One day last week I was fishing for Trout in a spot I have been catching them for several days. This guy pulls up right beside us. He starts casting within feet of our cast. We move and soon here he comes. He stayed a little farther away this time but was still too close. This went on all morning. We left for the ramp at Noon. The bite was on and we caught about 30 trout in the 2 to 5 lb range. All were released. He was at the ramp. This guy walks up to me and this is what he said......Do you mind showing me what you were fishing with and walking down to the water and teaching me how to fish it. I am not going to say what I said but lets just say I declined....Now let me ask a question. What should I have done...Yesterday a guy that I see every now and then while fishing pulls up to me in his truck as I am leaving and ask me the same thing. I don't even know his name..He wanted me to walk out on the dock and teach him how to retrieve a jerk bait...What is up with people? Mabee I should have shown him. I was taught that when it comes to Trout fishing you don't talk about it. I think that I give way too much information away as it is. The way I see it is the more people that are doing what I do the less effective it will be.


----------



## Gregc (Oct 20, 2011)

Screw that. I hate when people crowd me after they see me pull in a few fish. I don't mind people coming up and asking a few questions wile I am fishing. I am happy to share some knowlege as I have asked for advice before also. But don't start fishing right next to me. I freaking hate that and will normally say a few words that arnt polite for this forum. But to ask you to show them how to fish a bait right when you are leaving...... Thats why I like fishing area's were there arn't alot of people...


----------



## [email protected] (Jan 28, 2003)

tell um,,,(just jerk it)


----------



## BLACK ADDER (Nov 15, 2006)

Thanks for the post! I thought I was just getting old and grumpy!!
You will never see me move quicker ,whether on boat,surf, or pier, than when somebody crowds me or starts talking to me. By the way, where were these people when we were learning how -to over our own life times...watching TV or chasing girls or something? Get out there and OBSERVE! Read catalogs to familiarize yourself with products.
Another good technique is to fish with somebody like Andrew K...He LOVES talking to people, but is respectful of my love of peace. So when anybody wants to ask questions, I always grunt and Andrew does the talking! I ought to pay the guy!
Also my grandkids will talk to ANYBODY (ages 5 and 7).If anybody crowds me, I just leave the kids to their own devices...They will cross lines, maybe hit people with lures, throw rocks in the water, and ask THEM questions till they run screaming down the beach...It's GREAT! Like having your own "FORCE FIELD" nobody can penetrate for long. And I double dog dare anybody to fuss at my grandkids about "mishaps" or so forth. 

BA


----------



## REKER (Jun 23, 2010)

Haha, I can see it now, Andrew's inbox getting bombarded with "how-to" questions. Just kidding, but I do agree that Drew will talk to anyone and everyone. I dont think there was a time in the surf this summer when Drew DIDNT know someone on the beach either coming or going or already there.

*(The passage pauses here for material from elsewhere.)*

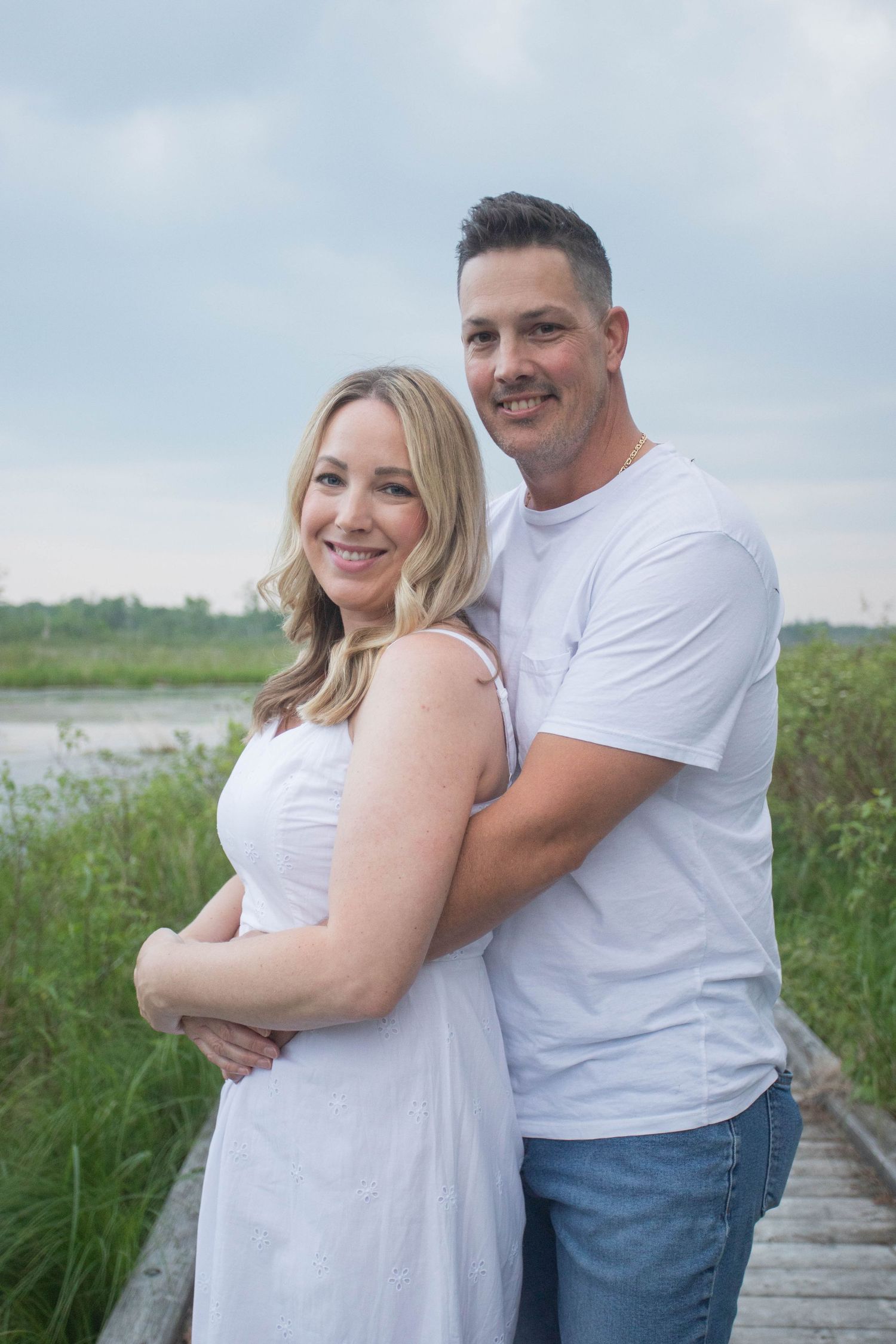 A man in a white t-shirt embraces a woman in a white dress on a wooden boardwalk.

As for people crowding my space, if im fishing Lesner, Rudee, or other places where space is a commodity, then I realize that it comes with the territory. Not everyone has the sense to be more mindful of your interests. Personally, I dont like to crowd people and i'll even stand off with my rod tucked in my arm and just observe and people watch. Now if im fishing the coast and there is miles of more beach away from me and someone sets up right next to me, then yeah, thats pretty damn irritating. 

Now if someone asks me to teach them things about fishing, then I usually help them out some. You can teach someone how to work a lure and they can mimic that, but you'll always have the upper hand of knowing the feel of how you're working that lure. Know what I mean?


----------



## dropinbrix (Jul 10, 2011)

The only response people get from me is a head nod or a head shake, and when they ask me if I caught anything I hold my hands up about 6 inches from each other like the only fish Im catching are small. Most people get the hint.


----------



## huntingwood (Jun 13, 2009)

Well, what do you expect when you keep putting up reports with pictures of limits of monster specks? 

Just kidding, that is pretty ridiculous that anyone would expect you to walk them through casting a lure.


----------



## Spiker (Jan 26, 2010)

I had two "trips" to the right of me wading this am. They couldn't stand it anymore that I was catching, and they weren't. So they slid my way and proceeded to screw up my fishing. Four tangles/foul-ups in a row as a result of THEIR actions. Now no one was catching. Mission accomplished on their part. If you dopes are reading this you NEED TO PAY ATTENTION out there!!!!!!!!!!!!!!!!!!!!!!!!!!! 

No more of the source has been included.